総合転職エージェントの株式会社ワークポート(所在地:東京都品川区、代表取締役社長 CEO:田村高広)は、全国の転職希望者300人を対象に、【ジェンダーハラスメント】についてアンケート調査を行いました。
■勤務先は男女平等だと感じる・感じない?結果は五十歩百歩
 毎年3月8日は国際連合によって定められた国際女性デーとして、女性の地位向上を目指した様々な働きかけが世界各地で行われています。日本は、2019年12月に世界経済フォーラムが発表した「グローバル・ジェンダー・ギャップ指数」(世界男女格差指数)で153ヵ国中121位という結果になり、男女格差の問題が深刻であることが明らかになりました。何かと女性の生きづらさが取り沙汰されることが多いですが、一方で男性の中にもジェンダーによる差別で苦しんでいる人がいます。今回は全国の転職希望者の男女(20代~40代)を対象に、ジェンダーハラスメントについての実態調査を行いました。
 対象者に、現在の会社(直近の会社)は男女平等であると感じるか聞いたところ、「とても感じる」(14.7%)、「やや感じる」(36.7%)とする人は合わせて51.4%となり、「あまり感じない」(33.0%)、「まったく感じない」(15.7%)とする人は合わせて48.7%となりました。約50%は自身の勤務先は男女平等だと感じていますが、残りの半数は会社内で男女格差を感じていることがわかります。ジェンダーによる差別が改善されていない企業は一定数あり、男女平等な職場環境づくりへの取り組みは企業間で差があるようです。また、感じないと回答した人のうち、男性では45.3%、女性では53.8%と性別による大幅な偏りはなく、男女ともに格差を感じていることがうかがえます。


■約30%が男性・女性の“らしさ”を押し付けられた経験「あり」
 お茶出しや掃除は女性の仕事?重労働は男性の仕事?
 対象者に、現在の会社(直近の会社)で「男性だからこうするべき」、「女性だからこうするべき」といったことを言われたり強制されたりしたことがあるか聞いたところ、「よくある」(11.3%)、「たまにある」(19.0%)とする人は合わせて30.3%となり、「あまりない」(43.0%)、「まったくない」(26.7%)とする人は合わせて69.7%となりました。

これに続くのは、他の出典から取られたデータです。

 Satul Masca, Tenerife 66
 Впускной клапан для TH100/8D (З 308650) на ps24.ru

「ない」と回答した人が多いものの、約30%が男女の“らしさ”を押しつけられることで自身の言動を強制されたり制限されたりした経験があるということがわかりました。
 「よくある」、「たまにある」と回答した女性にどんなことを言われたり強制されたりしたか聞いたところ、「来客にお茶を出すのは管理職であっても必ず女性がすべきだと言われた」(30代・女性・営業)、「会社内の掃除は女性がやるようにと強制された」(40代・女性・営業)、「飲み会でのお酌は女性にやってほしいと頼まれた」(40代・女性・医療福祉)といった、勤務先でお茶出しや清掃などの雑務は女性の仕事だとする文化が根強く残っているという声が最も多く挙げられました。「女性は家事をしなくてはいけないから大変だね、と言われることが日常茶飯事である」(30代・女性・企画マーケティング)という意見も見られたことから、「女性=家事など雑務をする人」というような意識を持った人がまだ多くいるのかもしれません。2月13日に、埼玉県議会は女性職員が委員の県議にお茶を出す慣例を廃止すると発表しました。2007年に男女雇用機会均等法が再改正されてから10年以上が経過した現在もなお、お茶出しは女性の仕事であると考える企業も一定数あることがうかがえます。

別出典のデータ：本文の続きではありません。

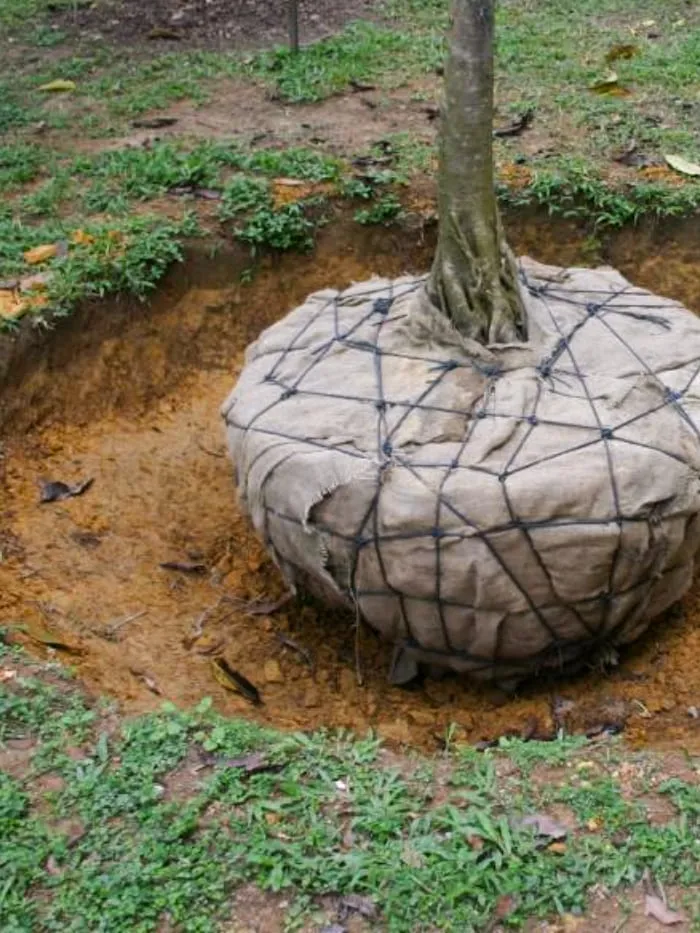 Tree Ball with Burlap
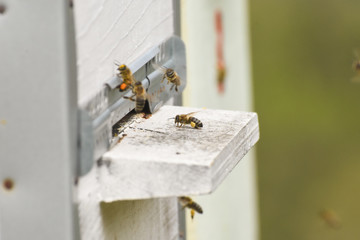 Hives in an apiary. Bees flying to the landing boards and enter the hive, bee flying to hive. Bees defending hive.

 また、「昇給の相談時に女性はそんなにお金は必要ないだろうと言われた」(30代・女性・クリエイター)、「女性だから仕事をがんばらなくても良いと言われた」(30代・女性・営業)、「女性に昇進はないと言われた」(30代・女性・接客販売)といった、女性のキャリアアップを阻害するような発言をされたとする意見も多く見られました。さらに、「女性は補助的な業務をすべきという風潮がある」(40代・女性・事務)、「直接言われなくても女性のキャリアに対する差別を感じる」(30代・女性・建築土木)といった、言葉にされることはなくても“暗黙のルール”で女性を差別する雰囲気が感じられるとの意見も挙がりました。
 同じ質問への男性からの回答では、「男性だからと深夜の残業を強制された」(30代・男性・その他)、「男性だから外仕事がメインと言われたりきつい仕事を優先的にやらされたりした」(20代・男性・機械系エンジニア)、「重いものを持つなどの力仕事は男性の仕事だと言われた」(20代・男性・営業)といった、重労働や残業を課されたという意見が最も多く挙げられました。男性というジェンダーを理由に過重労働を強いられる人もいるようです。また、「男性だからお酒を飲めないといけないと言われた」(40代・男性・営業)といった、過度な飲酒を強要されるケースもあるようです。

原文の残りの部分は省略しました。